Menurut Asep, tindakan yang dilakukan Lukas itu disebut grand corruption. Upaya itu berkaitan dengan pembuatan aturan agar tindak pidana korupsi yang dilakukan menjadi legal.
“Itu yang dinamakan dengan grand corruption. Jadi orang melakukan korupsi itu lain-lain, macam macam ya. Tipikal grand corruption itu adalah ketika membuat sebuah aturan yang dibuat itu seolah-olah aturannya benar tapi itu untuk melegalkan kegiatan-kegiatan yang menyimpang, melakukan korupsi tapi dengan dibuat peraturannya seolah-olah menjadi benar, seperti itu,” terang dia.
Lembaga antirasuah telah menetapkan Lukas sebagai tersangka Tindak Pidana Pencucian Uang (TPPU). Kasus TPPU ini merupakan pengembangan dari penanganan tindak pidana korupsi lain yang telah menjerat Lukas sebelumnya.

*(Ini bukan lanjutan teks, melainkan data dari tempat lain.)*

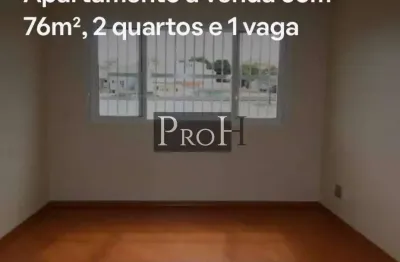 Apartamento com 2 quartos à venda no Boa Vista, São Caetano do Sul 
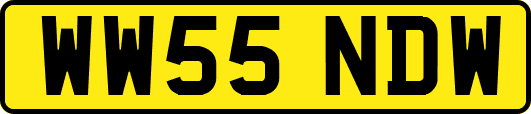 WW55NDW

Lukas juga telah ditetapkan sebagai tersangka suap dan gratifikasi. Kasus itu kini tengah berjalan di Pengadilan Negeri Tindak Pidana Korupsi Jakarta Pusat.
Sebanyak 27 aset Lukas, mulai dari uang, tanah, mobil, hingga apartemen telah disita oleh KPK.
CNNIndonesia.com telah menghubungi penasihat hukum Lukas, Petrus Bala Pattyona untuk meminta tanggapannya terkait pernyataan KPK tersebut. Namun, belum mendapat respons hingga berita ini dinaikkan.